TASK INSTRUCTIONS
Starting at the line that contains "Railway Station vector illustration", copy every line through the end of the records below exactly as written, leaving out pictures.

SUPPLIED DATA

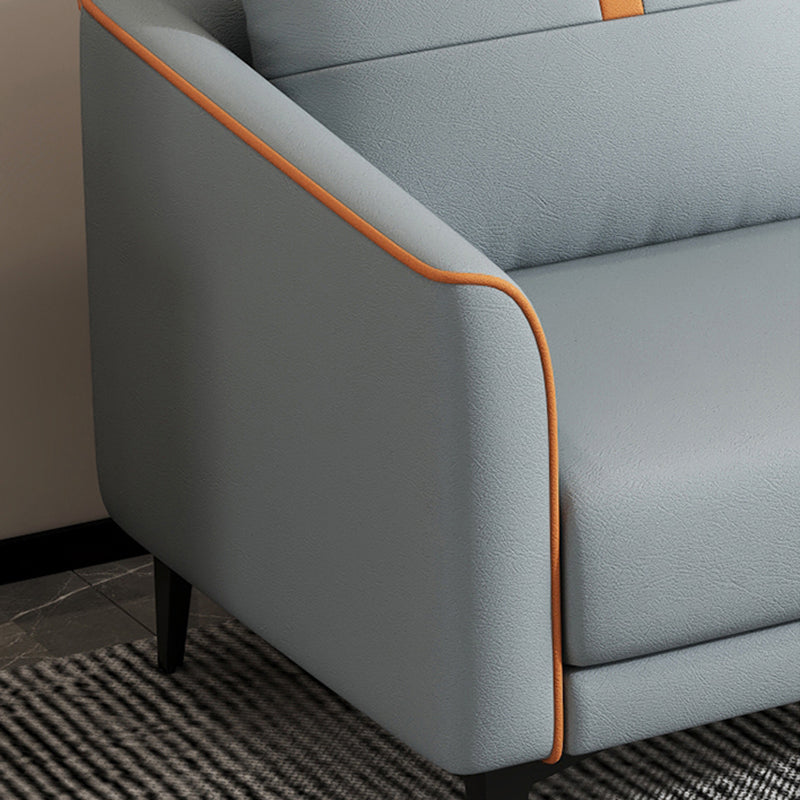 31.49" H Pillow Back Sofa Square Arm Faux Leather Convertible Sofa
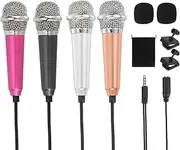 uxcell 4Pcs Mini Microphone, Mic Tiny Microphone with Sponge Cover, Holder and Drawstring Bag Portable for Karaoke Voice Video Recording Singing (Rose Red/Silver/Black/Gold)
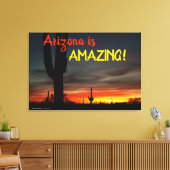 "Arizona is geweldig!" Sunset Sonoran Desert Cactu Canvas Afdruk (Insitu (Woonkamer))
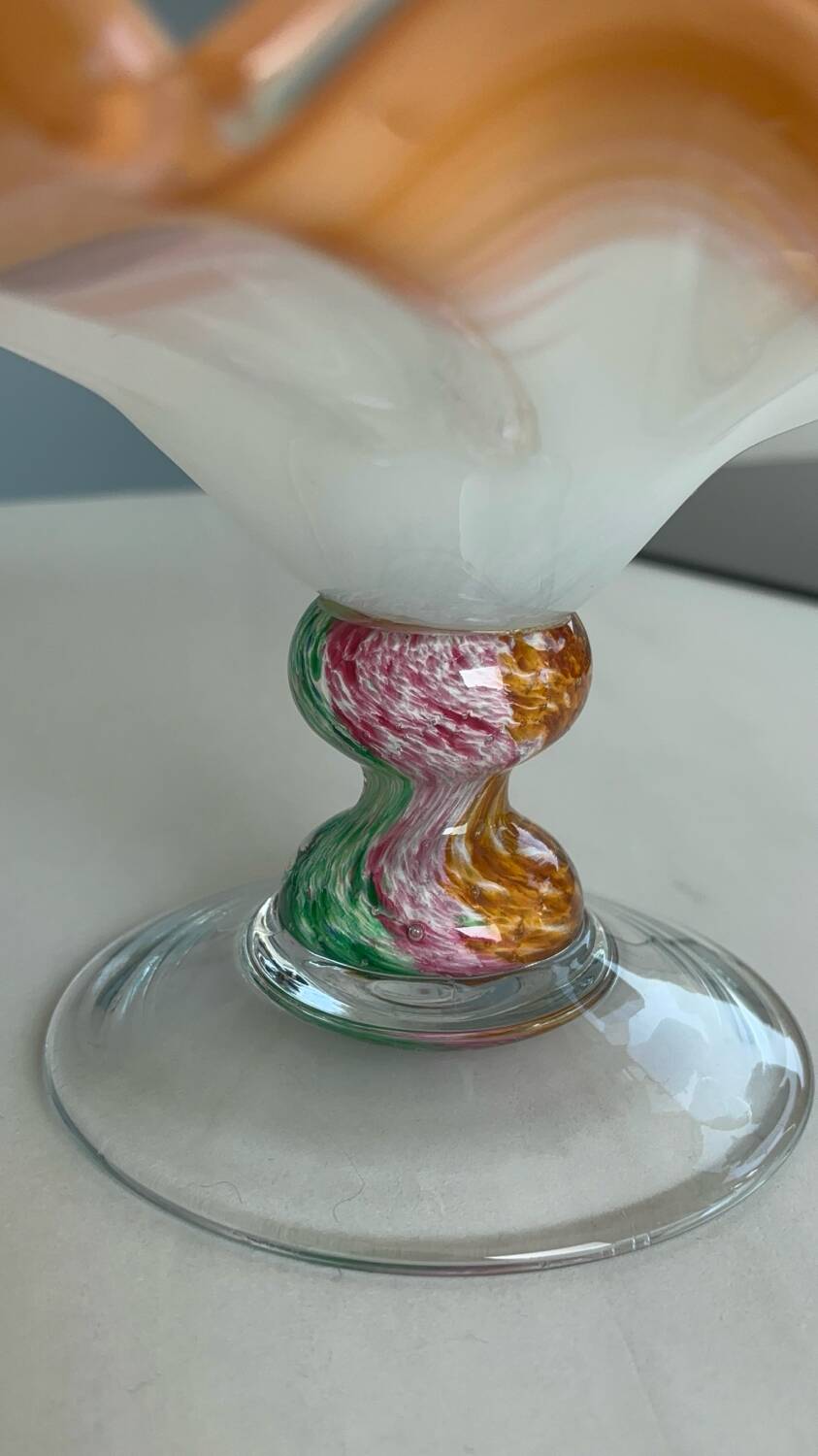 Vintage Murano glass wavy multicoloured centrepiece bowl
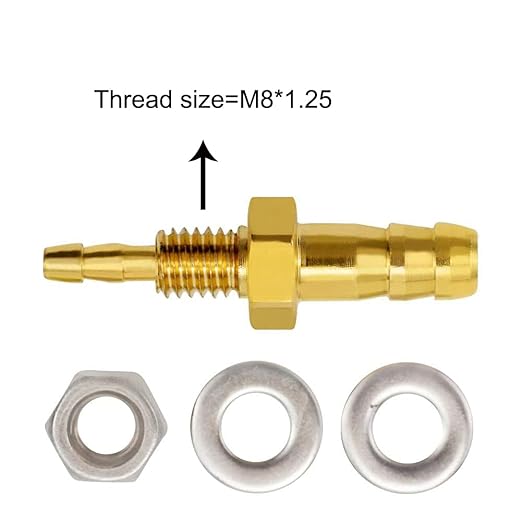 Joywayus 1/8''× 1/4'' Reducer Hose Barb Thru-Bulk Head Hex Union Brass Fitting with Flat Washer Gasket Water/Fuel/Air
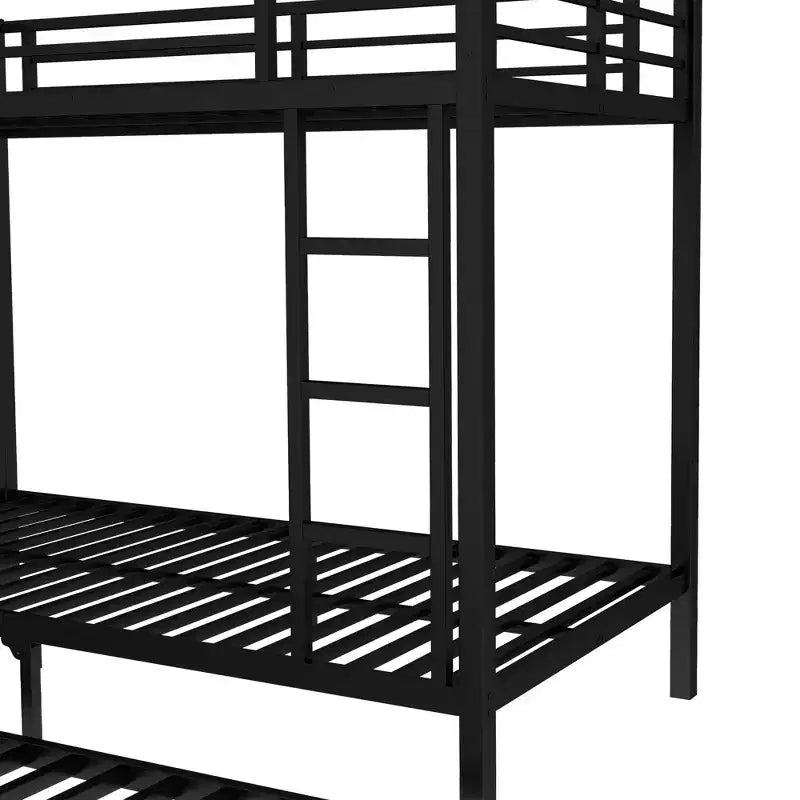 Bellemave Twin XL Over Twin XL Bunk Bed with Trundle, Heavy-Duty Metal Triple Bed Frame, Guardrails, Noise-Free, Black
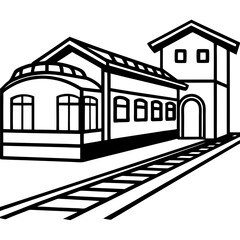 Railway Station vector illustration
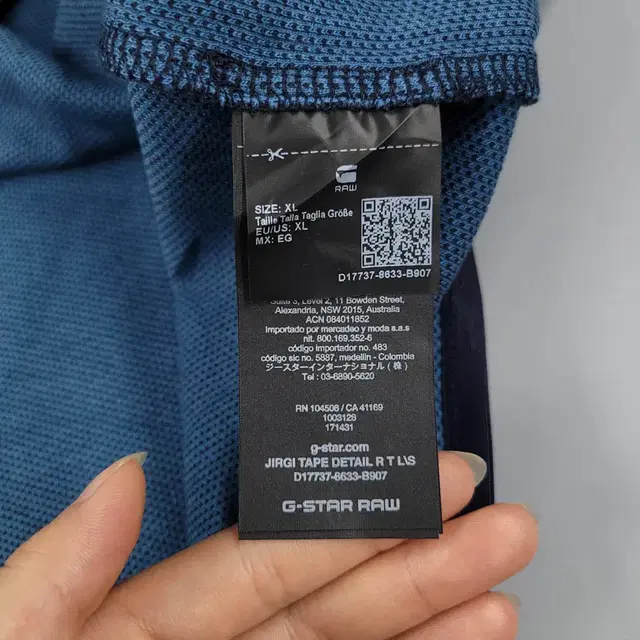 G-STAR RAW 지스타로우 다크네이비 블랙 레글런 PK 피케 긴팔 티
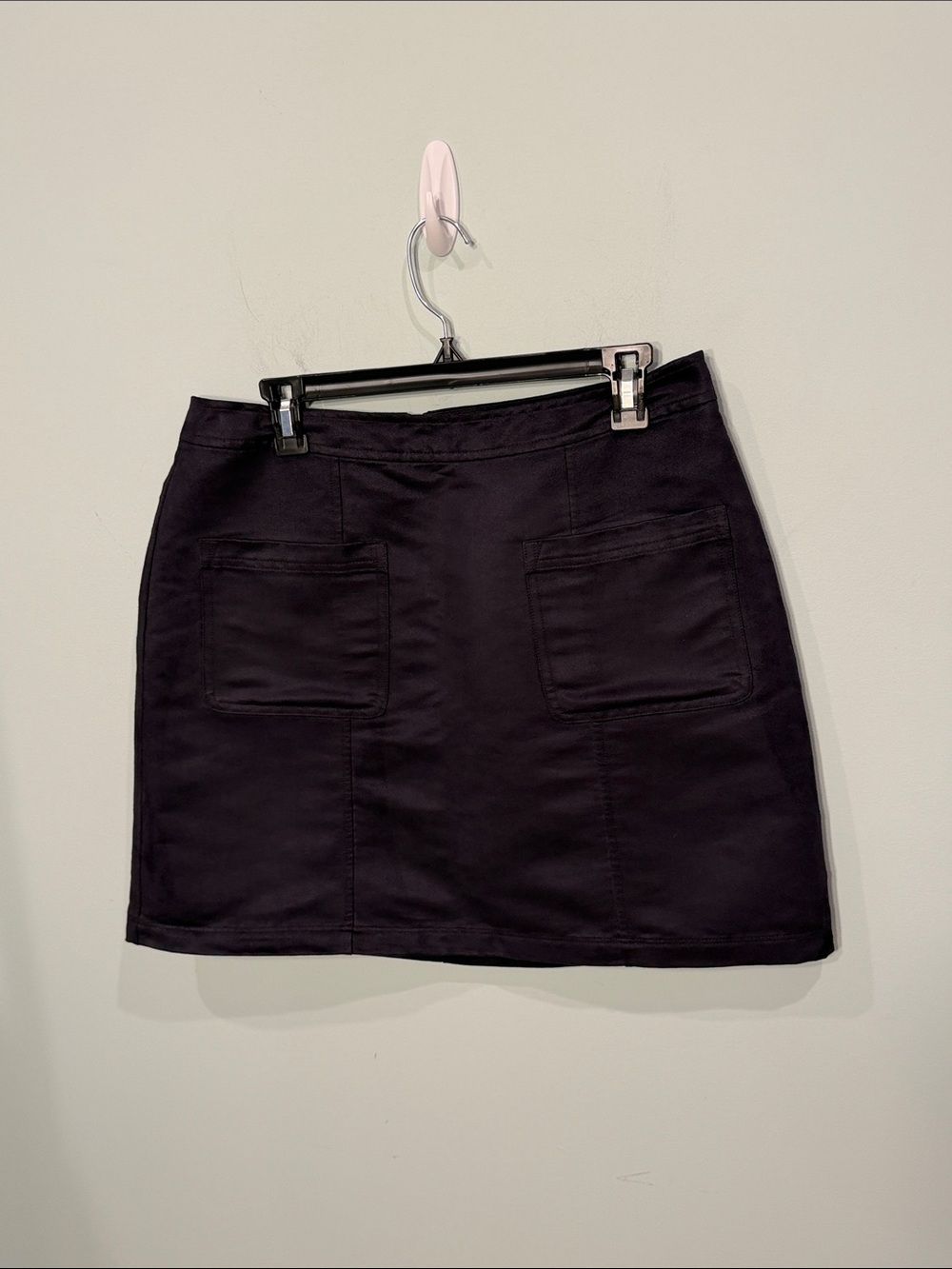 Old Navy Classic Black Pocket faux suede Mini Skirt Size 12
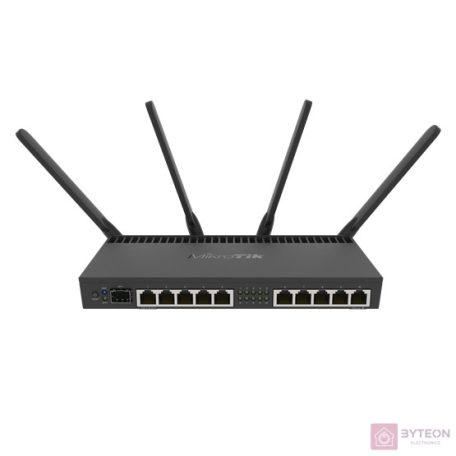 MikroTik RB4011IGS+5HACQ2HND-IN 10port GbE LAN, 1xSFP+ port, 2,4GHz & 5GHz 802.11ac wireless külső antennával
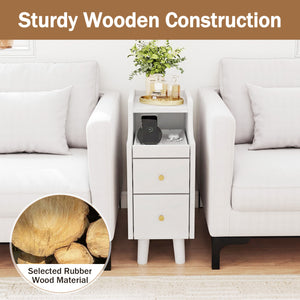 Solid Wood Night Side Table Narrow Bedside Table Nightstand with Pull-out Tray and 2 Storage Drawers-White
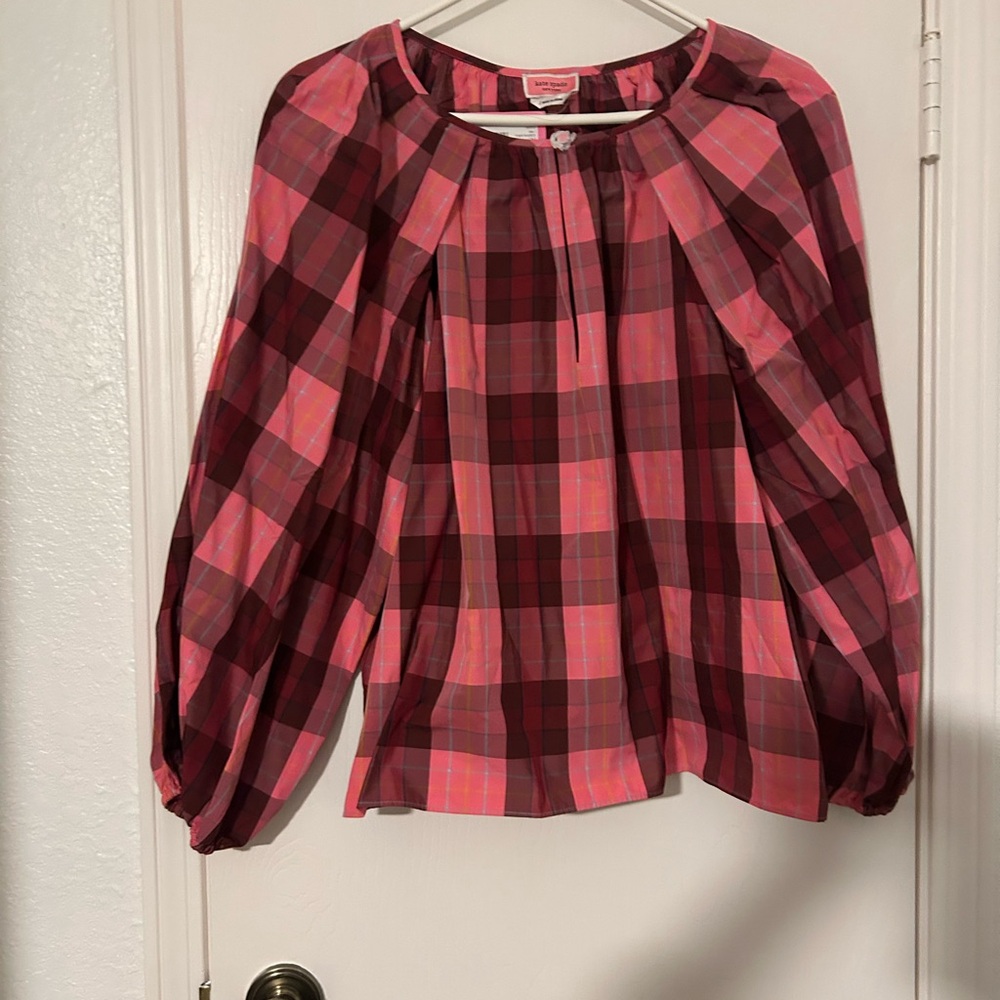 Kate Spade Red and Pink Blouse with Puff Sleeves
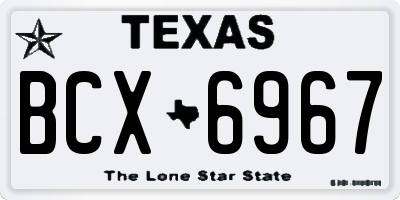 TX license plate BCX6967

RESULT OF THIS TASK
 Railway Station vector illustration
 G-STAR RAW 지스타로우 다크네이비 블랙 레글런 PK 피케 긴팔 티
 Old Navy Classic Black Pocket faux suede Mini Skirt Size 12
 MikroTik RB4011IGS+5HACQ2HND-IN 10port GbE LAN, 1xSFP+ port, 2,4GHz & 5GHz 802.11ac wireless külső antennával
 Solid Wood Night Side Table Narrow Bedside Table Nightstand with Pull-out Tray and 2 Storage Drawers-White
 Kate Spade Red and Pink Blouse with Puff Sleeves
 TX license plate BCX6967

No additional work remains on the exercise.